= Jack P. Hanlon =

Irish painter (1913–1968)

John Paul "Jack" Hanlon (6 May 1913 – 12 August 1968) was an Irish Roman Catholic priest and painter. He was born in Templeogue, Dublin on 6 May 1913. He was educated at Belvedere College and went on to study for the priesthood in 1932 at Clonliffe College while also studying at University College Dublin.

He studied painting in Belgium and Spain and won a scholarship to study in Paris under André Lhote.
He completed his clerical training at St. Patrick’s College, Maynooth and was ordained there in 1939.

Hanlon won the Douglas Hyde prize and the Arts Council prize for a painting of a historical subject. Predominantly a watercolourist, he did produce some oil on canvas painting. During the 1940s, he designed christmas cards for Victor Waddington; he had also exhibited in Waddington's gallery in Dublin prior to its closure. His work was also part of the painting event in the art competition at the 1948 Summer Olympics.

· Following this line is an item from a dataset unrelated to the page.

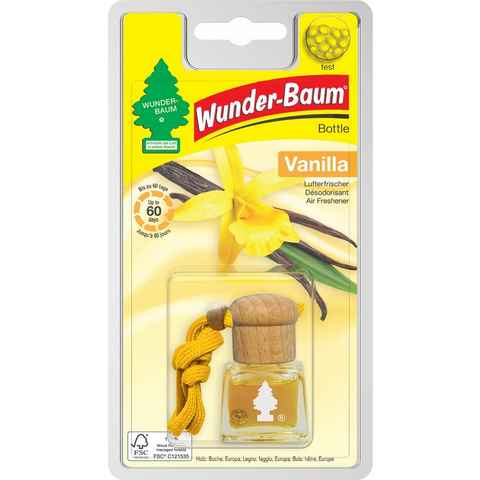 Kunstbaum Bottle Duft Flakon Vanille WUNDERBAUM Luft Erfrischer Vanilla 4,5 ml, Wunder-Baum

He was a founding member of the Irish Exhibition of Living Art. He served as curate in Churchtown, Dublin, until his death aged 55 on 12 August 1968.
Many of his works are on public display in churches and in art galleries. Stations Of The Cross and Recreation (oil on canvas) is in the Crawford Art Gallery, Cork; The Golden Cage (oil on canvas) is in the Highlanes Gallery, Drogheda; and Firey Leaves (watercolour on paper) is in the National Gallery of Ireland.

In 2013, five watercolours by Hanlon, were stolen from Our Lady of the Rosary Church in Limerick.